Mere Christianity, in detail
Mere Christianity began as a series of BBC radio broadcasts Lewis gave during World War II, and the book retains that quality of direct, informal address. The title signals Lewis's intent: to describe not any denomination's specific doctrines but the common core of Christianity — the beliefs that Catholics, Protestants, and Orthodox Christians share. Lewis presents himself as a convert who came to Christianity through reason rather than upbringing, and the book's argument is shaped by that self-presentation.
The first section makes what Lewis calls the moral argument for the existence of God. He begins by observing that humans seem to have an innate sense of right and wrong — not identical across cultures but too consistent to be purely accidental. He argues this Moral Law cannot be explained by evolution alone (evolution explains what organisms do, not what they ought to do) and that its best explanation is a lawgiver outside nature. This is not new territory in philosophy, and Lewis knows it; the argument is not presented as a proof but as a reasonable inference from a strange fact about human experience.
The second and third sections describe what Christianity claims about the nature of God, the purpose of humanity, and the meaning of Christ. Lewis is notably uninterested in miracles and evidential apologetics here. His focus is on the internal coherence of Christian claims and on the psychological and moral transformation that Christianity describes. His treatment of pride as the root sin, and of humility as its cure, is one of the most memorable passages in modern Christian writing.
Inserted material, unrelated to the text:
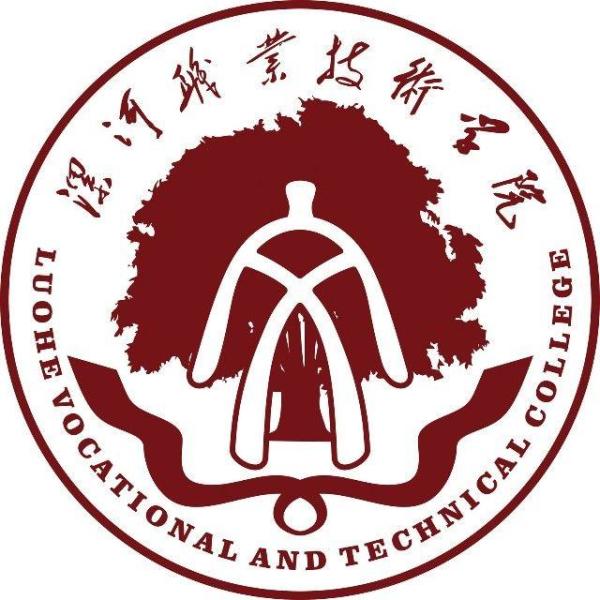 漯河职业技术学院新校徽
The final section addresses practical Christian ethics and the nature of Christian charity, hope, and faith. Lewis distinguishes between faith in the sense of intellectual assent and faith in the sense of trust — and argues the latter is what Christian formation actually develops. Mere Christianity is not a work of academic theology. Its strength is Lewis's gift for analogy and his willingness to take the intellectual dimensions of belief seriously while writing in plain English. Its weakness, for some readers, is that the moral argument it rests on has been substantially contested by philosophers who find it less watertight than Lewis does.
The big ideas
- 1.
The Moral Law — the near-universal human sense of right and wrong — is a strange fact that evolutionary explanations don't fully account for, and Lewis uses it as the starting point for his argument toward God.
- 2.
Christianity is not a morality system. It claims to describe a transformation of human nature, not merely a set of rules to follow.
- 3.
Pride, Lewis argues, is the central sin — the competitive, hierarchical impulse to be better than others — and it is the one sin that makes you least able to see yourself clearly.